Rulers don't have to persuade, because they have the power to force compliance.

Having the power does not necessarily mean that you use the power. I contend that all husbands have the power but few use it ever. Some who do use it also abuse it. Some have actually used it the right way within the context of love and the results are amazing.

ruling would assert that those under my authority should be required to behave in a way that I determine.

I think this is acurate. It should obviously be tempered by the clear commands of scripture regarding love and such but I have no problem with this being the standard.

I not only see such ruling to be ineffective in the long run

Perhaps you see it that way because you have never seen it done the right way. I'm not claiming perfection but I can say that in my home it has been extremely effective in the long run and my marriage is the best it's ever been. My older children even see it. They see the way most husbands and wives behave towards one another within our church and also extended family and both the 16 year old and the 13 year old have made multiple comments about how thankful they are for the family they are being raised in.

lacking fleshed-out support in the Bible.

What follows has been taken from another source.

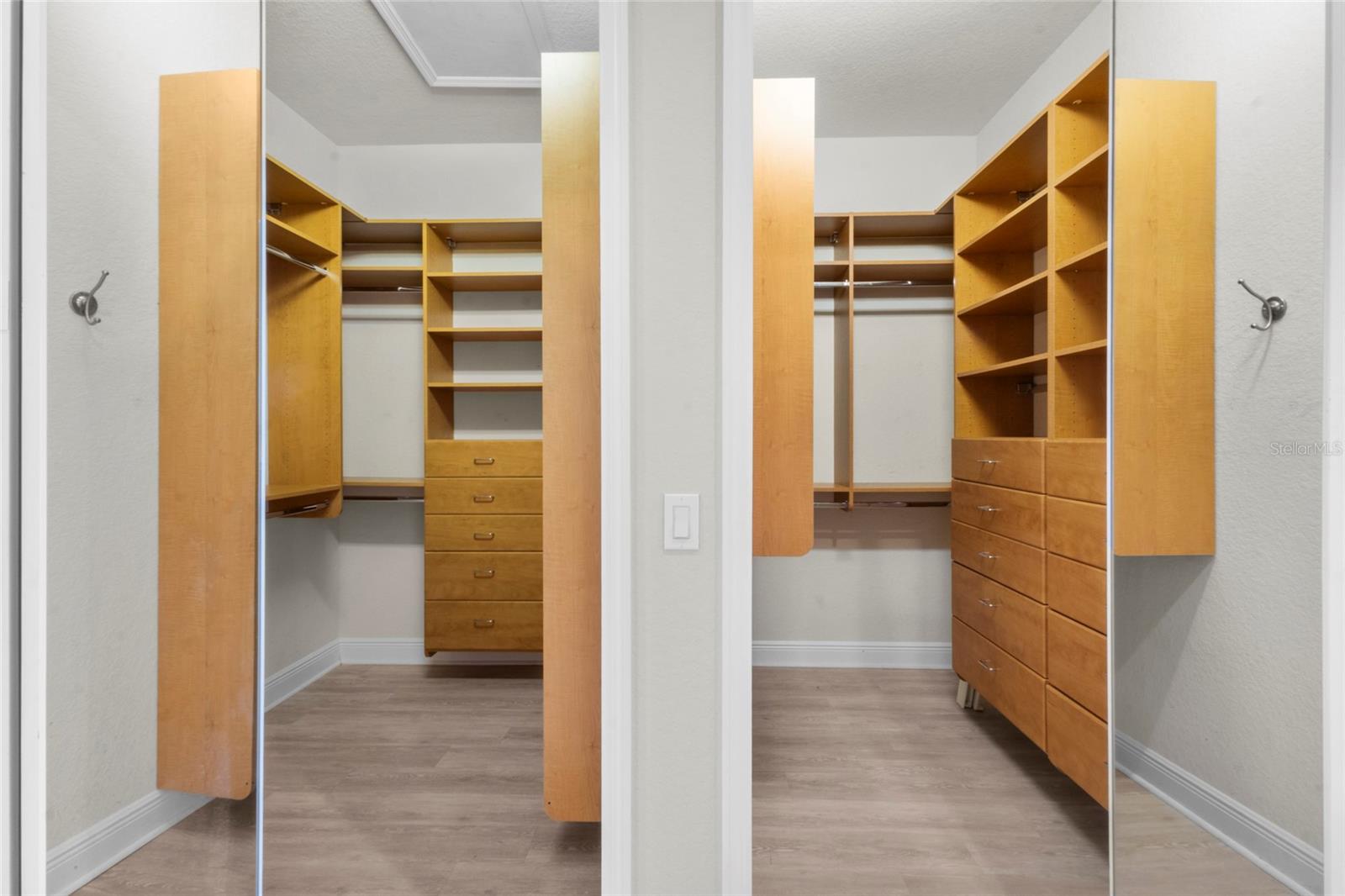 Image 34 of 75 For 6961 Scrub Jay Drive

This is exactly what we are discussing within this thread. I clearly see it differently. I have definitely learned a lot from the other folks on here. I hope it has been and continues to be beneficial to others as well.
 
Disagree on this point based on personal experiences. This is actually exactly what saved my marriage. And it is better now than it has ever been. From her perspective as well as mine.
It occurred to me later last night that you have mentioned this a couple of times, and it's probably worth looking at more closely. You and I may be using the word "force" in different ways, and the only way to get into that is to talk about what actually happened in your life. If you'd like to continue that part of the conversation in a private message, I'd be happy to go there with you, and if not, that's okay.

Nothing I have said or will say is meant to suggest that whatever happened between you and your wife was scripturally wrong. Your business is your business, and like I said, if we discussed this privately we'd probably figure out what's happening here.
 
Not a command to the husband but it does seem to support the idea that he is her lord.

1 Peter 3:6
Even as Sara obeyed Abraham, calling him lord: whose daughters ye are, as long as ye do well, and are not afraid with any amazement.
There are many places in scripture where someone speaking directly to women instructs or commands them to submit to their husbands. The women should probably pay close attention to those passages. We men should pay close attention to the ones addressed to us.
 
You say...



yet the scriptures say...



The scriptures don't command it because it is inherent in the role of husband; rule over wife and children is his by right just as much as Christ has authority over us by right. It is definitional to being a husband. That hierarchy in and of itslelf proves the point, but the meaning of head (master, lord, chief, supreme, ruler) seals the deal.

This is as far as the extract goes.